Abstract: Aims\
The human gut microbiome is a complex ecosystem whose disruption is implicated in a wide spectrum of diseases, yet translating microbiome research into actionable therapeutics is hindered by a critical trade-off: existing models either prioritize predictive accuracy at the expense of interpretability or sacrifice performance for mechanistic insight, limiting their ability to pinpoint specific disease-driving microbial interactions and taxa.
Methods and Results\
To address this, we introduce graph neural network for interpretable microbiome (GIM), a graph neural network framework that integrates minimally processed taxonomic metadata as sparse node embeddings within an unweighted complete graph, enabling direct modeling of high-order microbial interactions through message passing.
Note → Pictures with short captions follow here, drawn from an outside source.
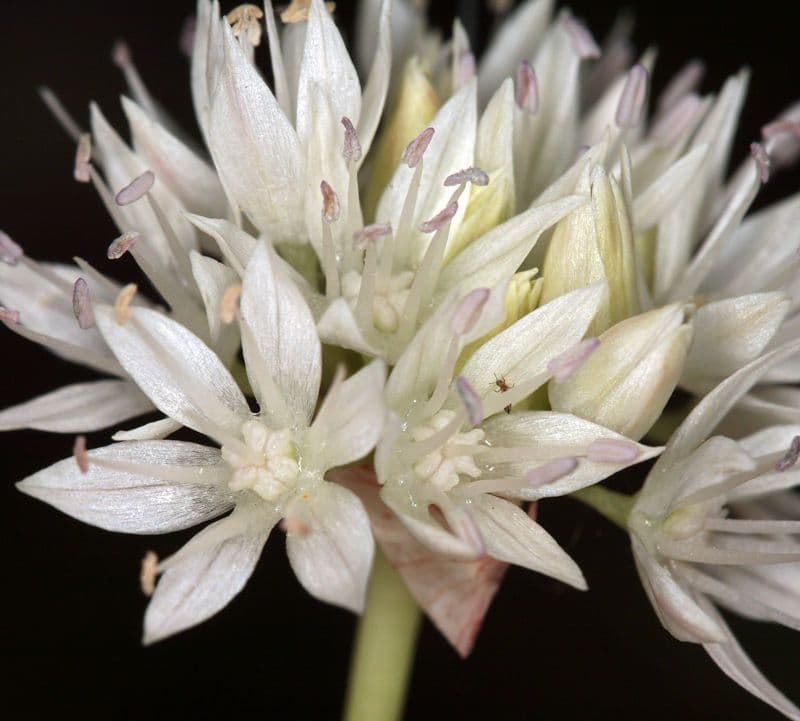 Narrowleaf onion (Allium amplectens) with fine leaves and delicate pink flower clusters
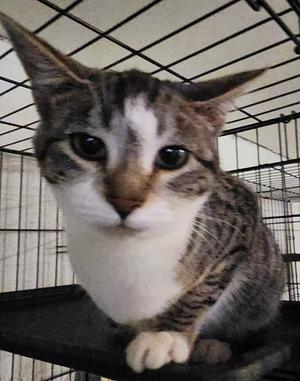 River, young, available for adoption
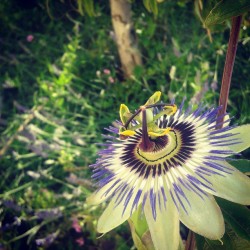 fscocampo:  Lo spettacolo della natura: passiflora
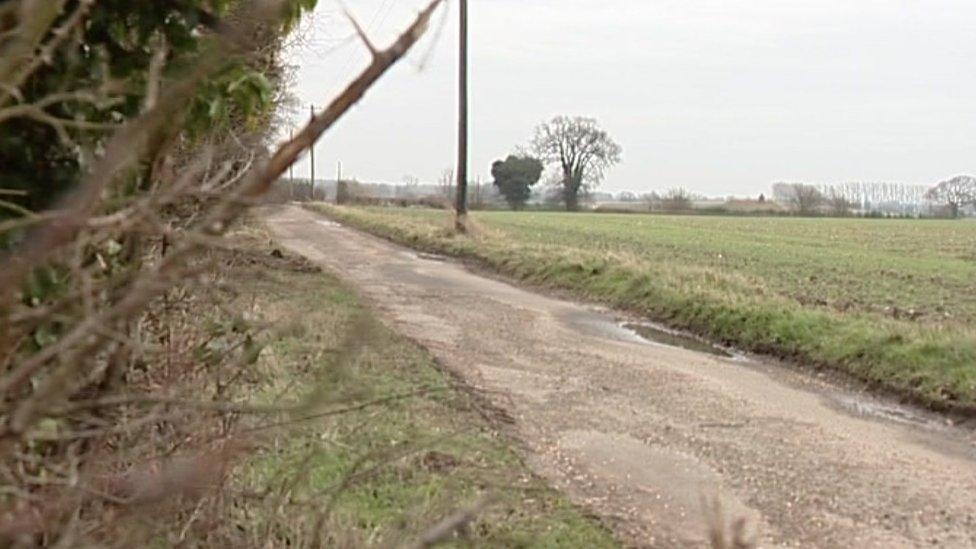 Lane at Spratts Green, near Aylsham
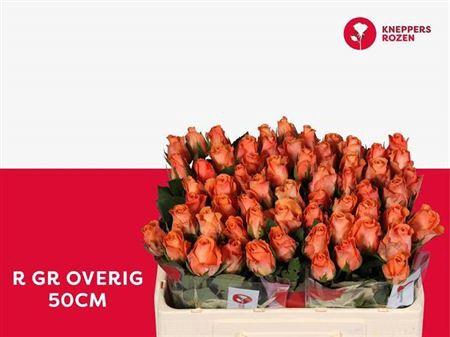 <h4>R Gr Orange Queen</h4>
GIM achieves state-of-the-art classification performance on microbiome-disease prediction tasks (e.g. healthy vs. allergic states), while generating finegrained, experimentally validated attributions at the level of taxonomic ranks, driver microbes, and putative microbe-to-microbe interactions.
Conclusion\
By bridging the gap between predictive accuracy and biological interpretability, GIM overcomes a key limitation in current approaches, offering a unified framework to both predict dysbiosis-associated disease states and identify actionable microbial targets for therapeutic intervention. This dual capability represents a critical advance toward precision microbiome engineering and scalable hypothesis generation in translational microbiome research.